Attachment #8732307 - Flags: review?(pbrosset) → review+
Actually, thinking about it more, I'm not sure we should have the coding style and contribution docs in this patch. I know they are just basically links to our wikis, but still, I think there is value in keeping this purely about technical architecture docs (react, debugger protocol, front-end architecture, etc.).
At least until we figure out what we want to do with these 3 different docs:
- https://wiki.mozilla.org/DevTools/Hacking
  => Our official docs
- https://developer.mozilla.org/en-US/docs/Tools/Contributing/Contribute_on_nightly
  => A new way to contribute using git and the DevTools Reload addon
- https://groups.google.com/forum/#!topic/mozilla.dev.developer-tools/BLgCfdVnBjI
  => A new proposal to have contributor docs on http://firefox-dev.tools

The final vision, I think, is to have one agreed way to contribute (most probably using git and potentially with the Reload addon when possible), then document this nicely on http://firefox-dev.tools
and make sure the wiki and mdn pages go away.
When that happens, we could have a sub-section in http://firefox-dev.tools that contains internal tech docs which would basically be the git-book you're working on.
So it makes sense then not to have any page of this book being about contributing, since we'll have that somewhere else already.

Of course we need someone to champion this and actually make it happen (I think Gabriel wants to do this). And there's a lot of sub-docs on https://wiki.mozilla.org/DevTools/Hacking which would need to be moved too.
(In reply to Patrick Brosset [:pbro] from comment #4)
> Actually, thinking about it more, I'm not sure we should have the coding
> style and contribution docs in this patch. I know they are just basically
> links to our wikis, but still, I think there is value in keeping this purely
> about technical architecture docs (react, debugger protocol, front-end
> architecture, etc.).

I was thinking of moving everything in here, but after thinking a bit more, I agree. It's too important to be able to quickly change the "getting started" docs and those changes are frequent small tweaks. It would be annoying to commit to the tree for all of that.

I had already removed the "getting started" page and I just removed the "coding style" section. I kept a very short section in the main intro page that link to the other pages, as I still think we should reference them. But having them as separate sections isn't good.

To me, this isn't *purely* technical docs. You'll notice that the react and redux sections explain a lot about the concepts behind them. I like to this of these as friendly technical docs; they don't just document what's there, they take time to explain abstract concepts as well. Part of that friendliness is to at least mention the getting started/etc pages in the README.md.

I see these as docs for everyone but beginner contributors. Another good example is hot reloading: I'm not sure we should mention it in "getting started" because it's an advanced feature. It doesn't work everywhere, so it could just confuse beginners more. But it'd be great to have a "Advanced Tips" section in these docs or something that explain how to enable hot reloading. Other tips are how to profile react, how to debug redux, etc. I'd like to see all of that as part of these docs.

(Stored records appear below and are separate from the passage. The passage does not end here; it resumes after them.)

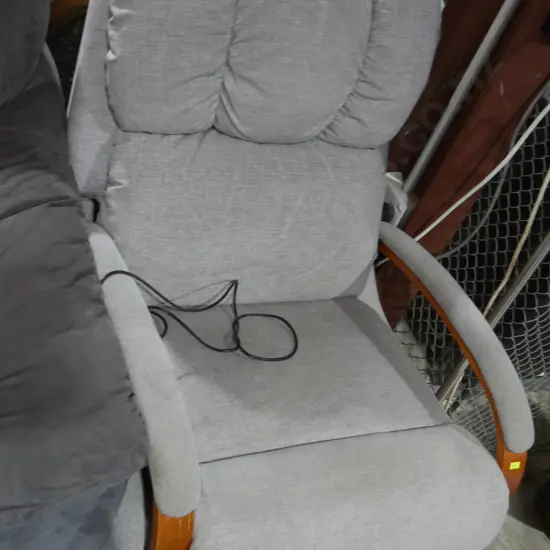Electric armchair (plug missing)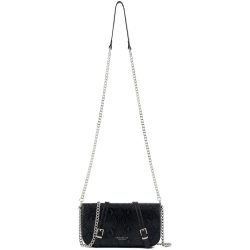Seidenfelt Lilleby Umhängetasche Handtaschen 1 ct Schwarz Damen
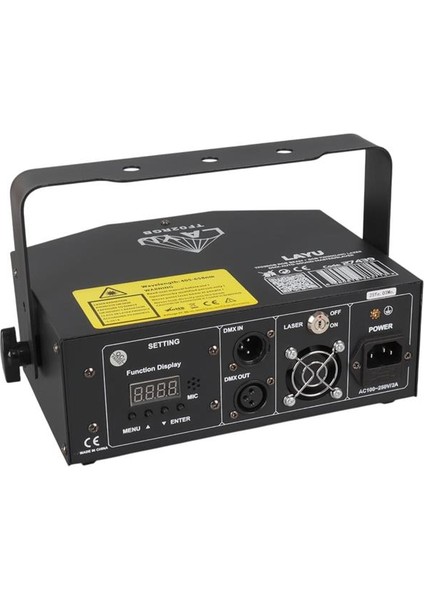 TF02RGB Rgb Beam + Rgb Twinkling Lazer Dmx-Auto-Sound-Master/slaver fiyatları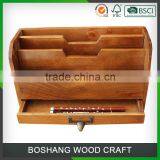 Student Favor Cheap Wooden Book Box thumbnail-3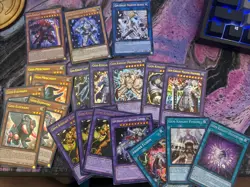 Yugioh Gem Knight Card Lot Deck Building - Image 1
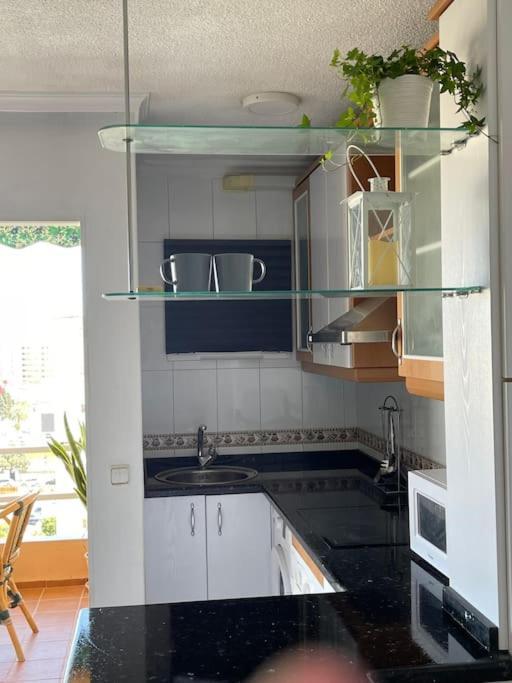 Estudio En Fuengirola Con Vistas Al Mar Εξωτερικό φωτογραφία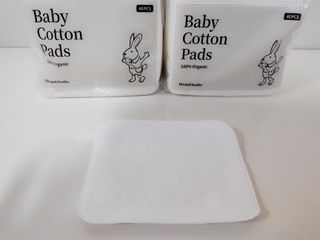 디어엘로디 프리미엄 유기농 베이비 솜티슈 40매 3 + 1 PACK — 5점을 준 리뷰어가 2021년 3월 올린 사용 사진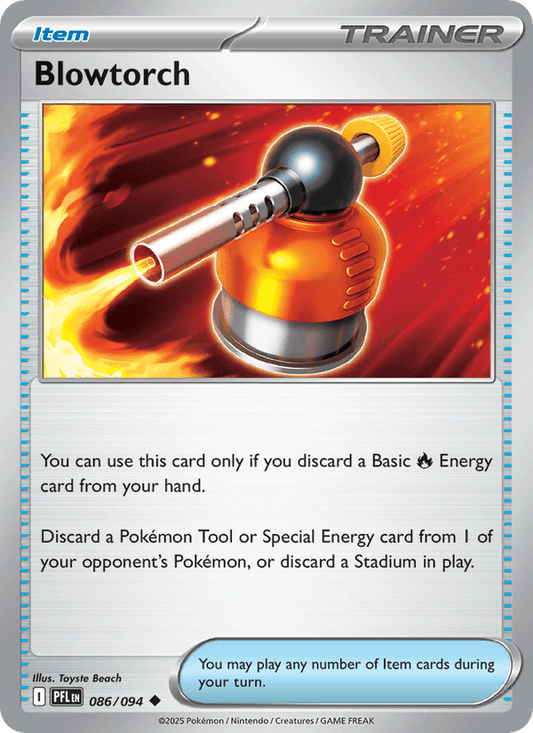 Blowtorch - 086/094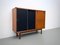 High Credenza in Black Laminate, Teak and Metal from Elam, Italy, 1962, Image 4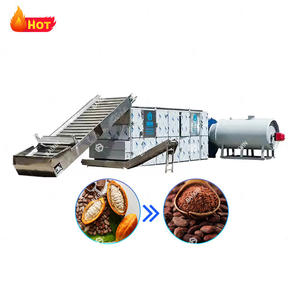 เครื่องอบแห้งผักลมร้อนอย่างรวดเร็วและต่อเนื่องเครื่องอบแห้งผลไม้ผลไม้ผลไม้วอลนัท/มะละกอ - Product Image 4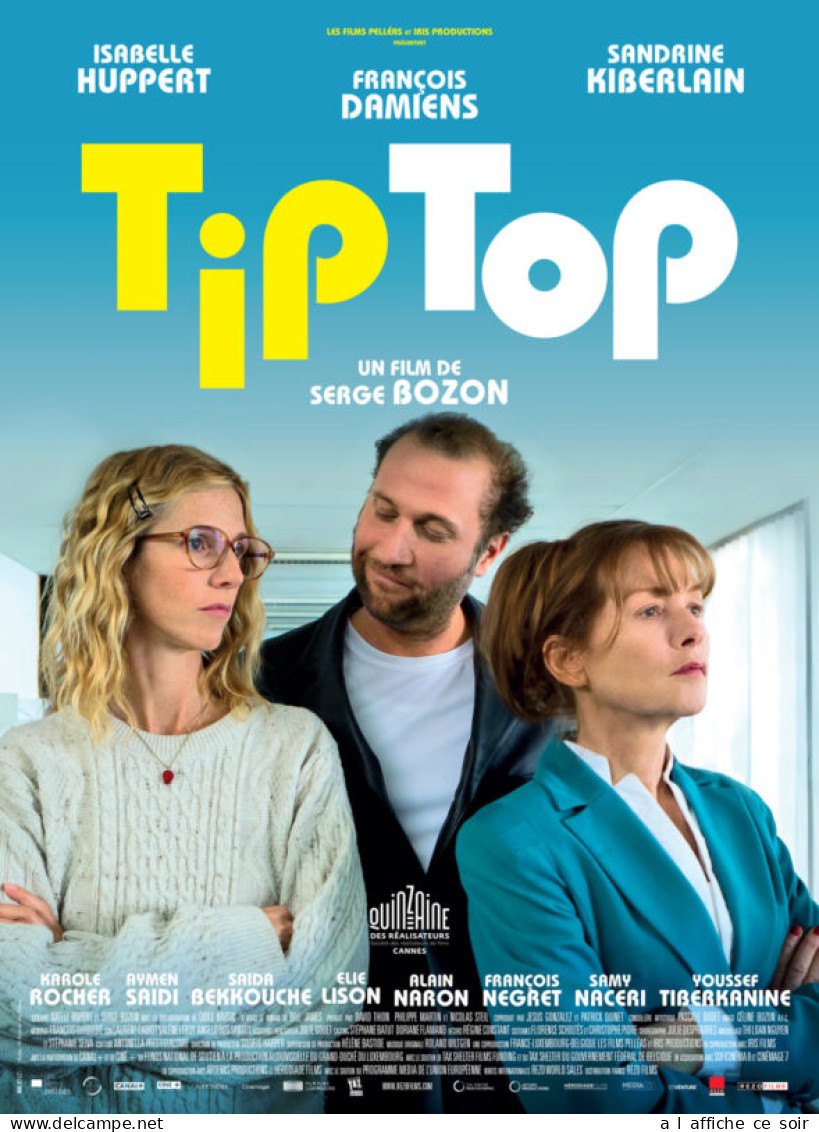 Affiche Cinéma Orginale Film TIP TOP 120x160cm - Plakate & Poster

> At least until we figure out what we want to do with these 3 different docs:
> - https://wiki.mozilla.org/DevTools/Hacking
>   => Our official docs
> -
> https://developer.mozilla.org/en-US/docs/Tools/Contributing/
> Contribute_on_nightly
>   => A new way to contribute using git and the DevTools Reload addon
> -
> https://groups.google.com/forum/#!topic/mozilla.dev.developer-tools/
> BLgCfdVnBjI
>   => A new proposal to have contributor docs on http://firefox-dev.tools
> 
> The final vision, I think, is to have one agreed way to contribute (most
> probably using git and potentially with the Reload addon when possible),
> then document this nicely on http://firefox-dev.tools
> and make sure the wiki and mdn pages go away.
> When that happens, we could have a sub-section in http://firefox-dev.tools
> that contains internal tech docs which would basically be the git-book
> you're working on.
> So it makes sense then not to have any page of this book being about
> contributing, since we'll have that somewhere else already.

I don't agree that we should combine these projects. I think they are separate: that one is for beginner contributors, and these docs are for everyone else. Anyone who consistently contributes is going to want to download/compile firefox, enable hot reloading, etc, all the stuff that we do and should not be the focus of beginner docs.

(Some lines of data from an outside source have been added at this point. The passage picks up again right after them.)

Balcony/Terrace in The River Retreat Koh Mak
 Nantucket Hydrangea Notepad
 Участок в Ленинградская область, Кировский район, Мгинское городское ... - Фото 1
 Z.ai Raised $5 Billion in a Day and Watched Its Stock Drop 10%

I think having 2 separate projects relieves the tension of "who are we focusing on"? We can do both. firefox-dev.tools even has that big app for searching for bugs, which is great for beginner contributors but not really needed for anyone more involved (I think?).

There's also technical easiness: I'm making a stupid simple service that checks out firefox and force pushes the latest docs to the github repo so it's always up-to-date. I can't do that if there's anything else in the repo that is actually using the repo to track changes. I also want to work with Helen on some snazzy designs (at least a logo and some colors) and I don't want to have to coordinate designs with the bug finder tool.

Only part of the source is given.